The anchor coating agent was applied, by gravure coating, to one surface of an unstretched polyethylene film which was the same as the intermediate film A, and dried to provide an anchor coating layer of 0.1 μm thickness. Then, with an electron beam heating type vacuum vapor deposition machine using aluminum as a vapor deposition source, a transparent vapor deposition layer of 10 nm thickness made of an aluminum oxide was formed on the anchor coat layer. The O/Al ratio of the vapor deposition layer was set to 1.5 by adjusting the amount of oxygen introduced. Further, the overcoat agent was applied to the vapor deposition layer by gravure coating, and dried to form a gas barrier coating layer (overcoat layer) of 0.3 μm thickness having a gas barrier function. Thus, an intermediate film B on which a vapor deposition layer made of alumina was formed was obtained.

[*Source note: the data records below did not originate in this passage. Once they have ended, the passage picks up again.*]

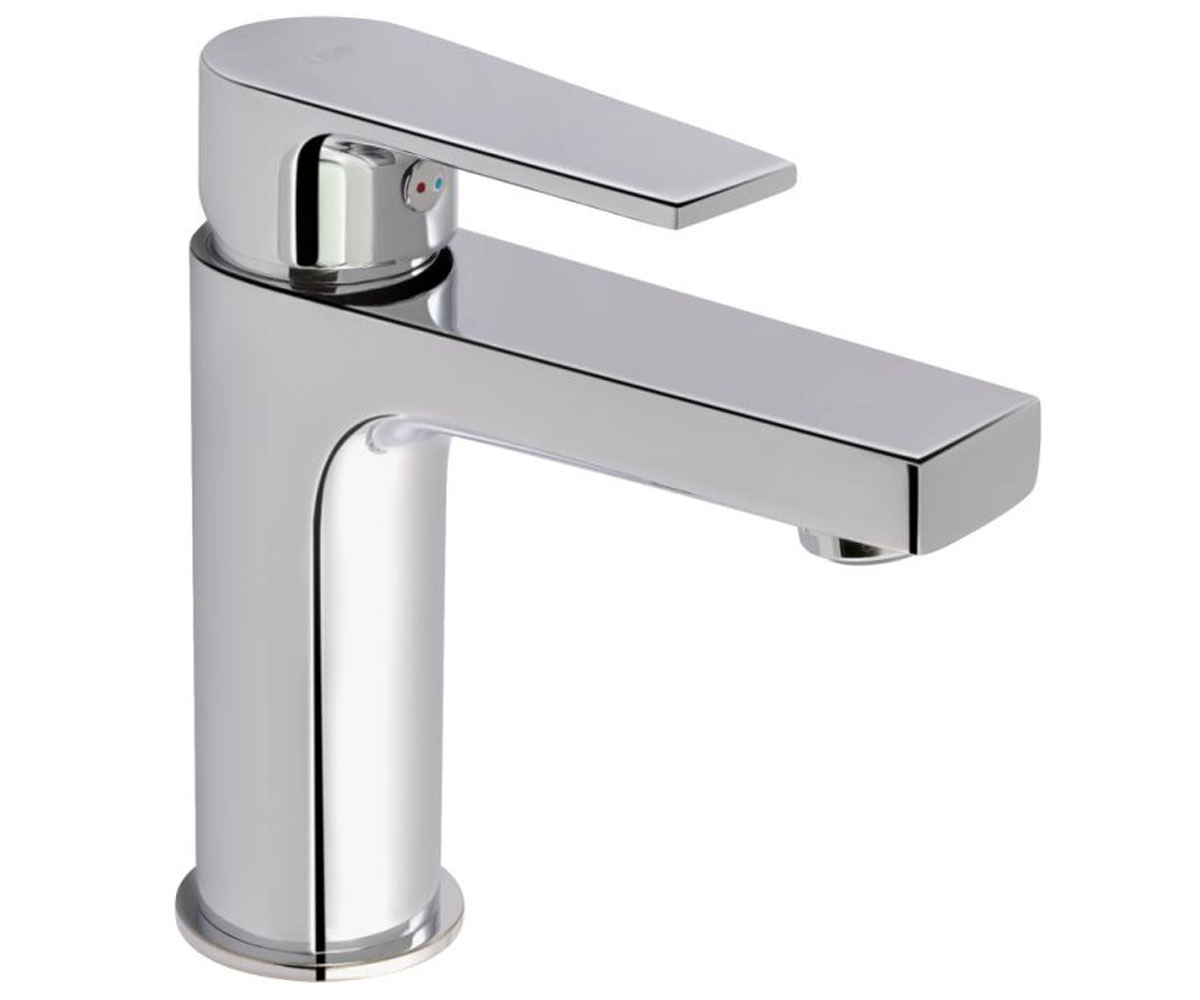 Змішувач для раковини QTAP STENAVA QTST10M4310102 QTST10M4310102
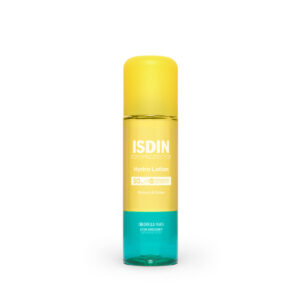 ISDIN Fotoprotector Hydro Lotion SPF50+ 200ml - Protector solar corporal bifásico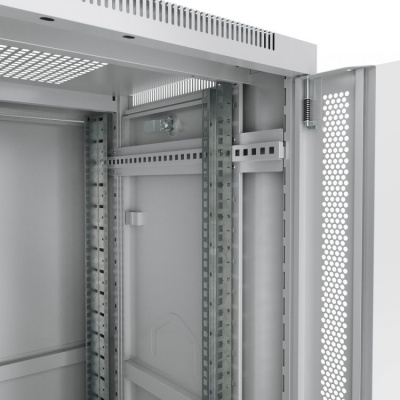 Шкаф напольный 19, 42U Cabeus ND-05C-42U60/60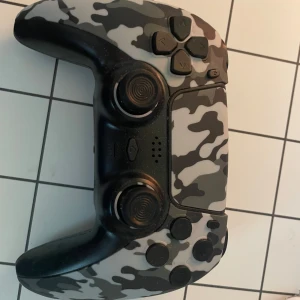 Ps5/ps4 kontrolls  - Kan baras mötasupp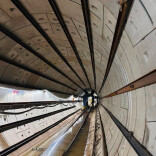 长沙地铁6号线东延段今日全线贯通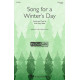 Song for a Winter's Day (3-Pt)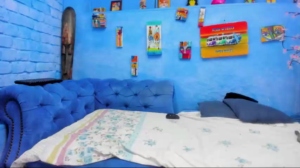 urnaughtyfoxes  19-03-2019 Recorded Video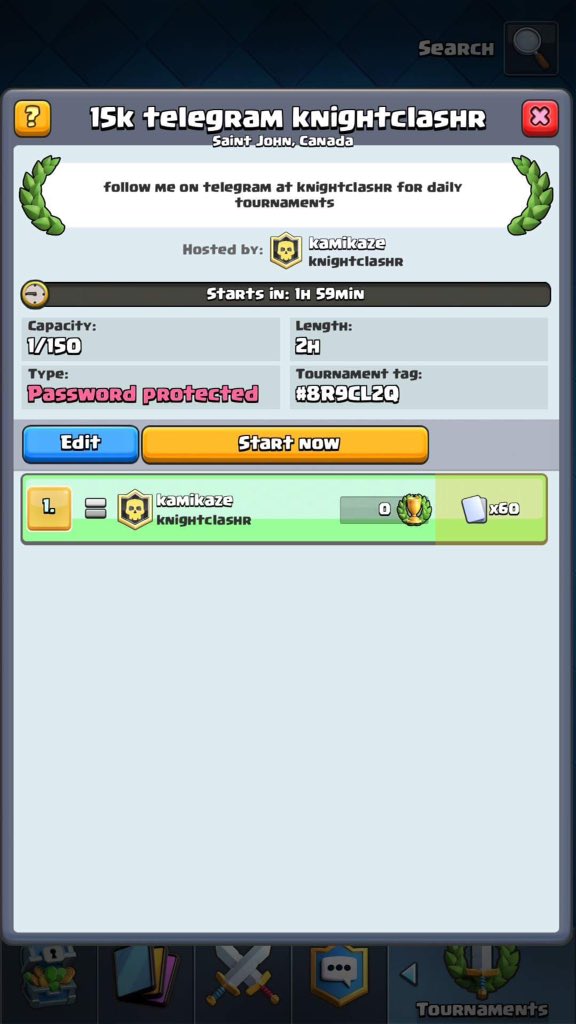 knightclashR's tweet photo. Follow on telegram for pass https://t.co/8PD4xRuGq2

An intermediate film C was obtained in the same manner as the intermediate film A except that the gas barrier coating layer was not formed.
A coating solution for forming a protective layer made of polyurethane was prepared as follows. TAKELAC W-5030 (manufactured by Mitsui Chemicals, Inc.) was mixed with TAKENATE WD-725 (manufactured by Mitsui Chemicals, Inc.) as a curing agent at a mass ratio of 9:1, and the mixture was diluted with a solvent (water/2-propanol (IPA)=9:1 (mass ratio)) so that the non-volatile component was 5 mass % to thereby prepare a coating solution A.
A coating solution for forming a protective layer made of polyester was prepared as follows. ELITEL KT-8803 (manufactured by UNITIKA LTD.) was mixed with Basonat HW 1000 (manufactured by BASF Corp.) as a curing agent at a mass ratio of 1:1, and the mixture was diluted with a solvent (water/2-propanol (IPA)=9:1 (mass ratio)) so that the non-volatile component was 5 mass % to thereby prepare a coating solution B.
A coating solution for forming a protective layer made of polyamideimide was prepared as follows. VYLOMAX HR-15ET (manufactured by Toyobo Co., Ltd., melting point 300° C.) was diluted with a solvent (ethanol/toluene=1/1 (mass ratio)) so that the non-volatile component was 5 mass % to thereby prepare a coating solution C.
A coating solution for forming a protective layer made of epoxy was prepared as follows. jER 1004 (manufactured by Mitsubishi Chemical Corporation) was mixed with CORONATE L (manufactured by Tosoh Corporation) as a curing agent at a mass ratio of 9:1, and the mixture was diluted with a solvent (ethanol/toluene=1/1 (mass ratio)) so that the non-volatile component was 5 mass % to thereby prepare a coating solution D.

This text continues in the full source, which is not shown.